Since this is negative the equation has no real roots. Since it is negative of a perfect square it has rational complex roots.

#### Explanation:

${x}^{2} + 25$ is in the form $a {x}^{2} + b x + c$, with $a = 1$, $b = 0$ and $c = 25$.

This has discriminant $\Delta$ given by the formula:

$\Delta = {b}^{2} - 4 a c = {0}^{2} - \left(4 \times 1 \times 25\right) = - 100 = - {10}^{2}$

Since $\Delta < 0$ the equation ${x}^{2} + 25 = 0$ has no real roots.
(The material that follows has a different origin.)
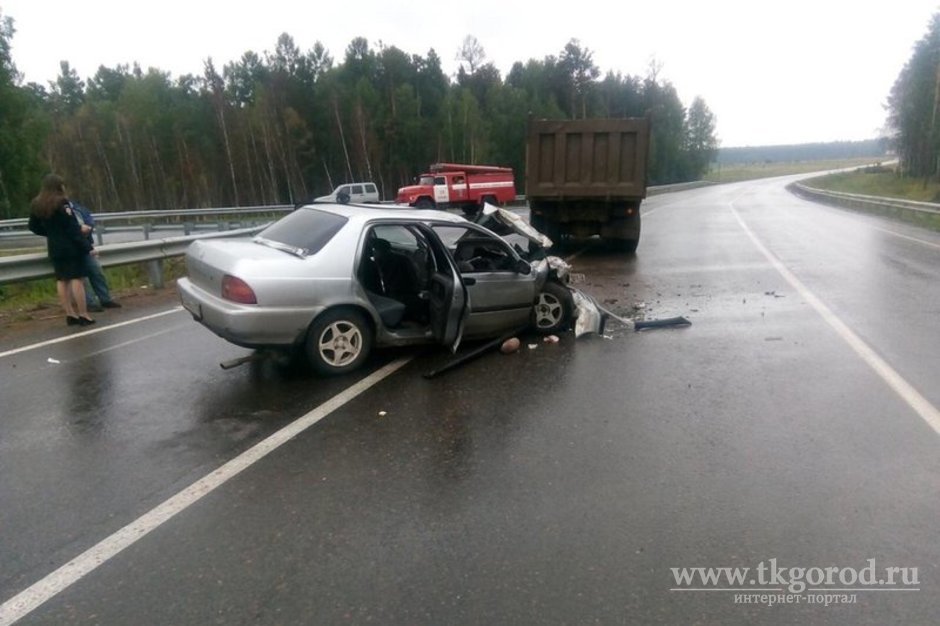 Иномарка влетела в грузовик на дороге Тайшет – Чуна – Братск. В автомобиле находились семь человек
It has a pair of distinct complex conjugate roots, namely $\pm 5 i$

The discriminant $\Delta$ is the part under the square root in the quadratic formula for roots of $a {x}^{2} + b x + c = 0$ ...

$x = \frac{- b \pm \sqrt{{b}^{2} - 4 a c}}{2 a} = \frac{- b \pm \sqrt{\Delta}}{2 a}$

So if $\Delta > 0$ the equation has two distinct real roots.

If $\Delta = 0$ the equation has one repeated real root.

If $\Delta < 0$ the equation has no real roots, but two distinct complex roots.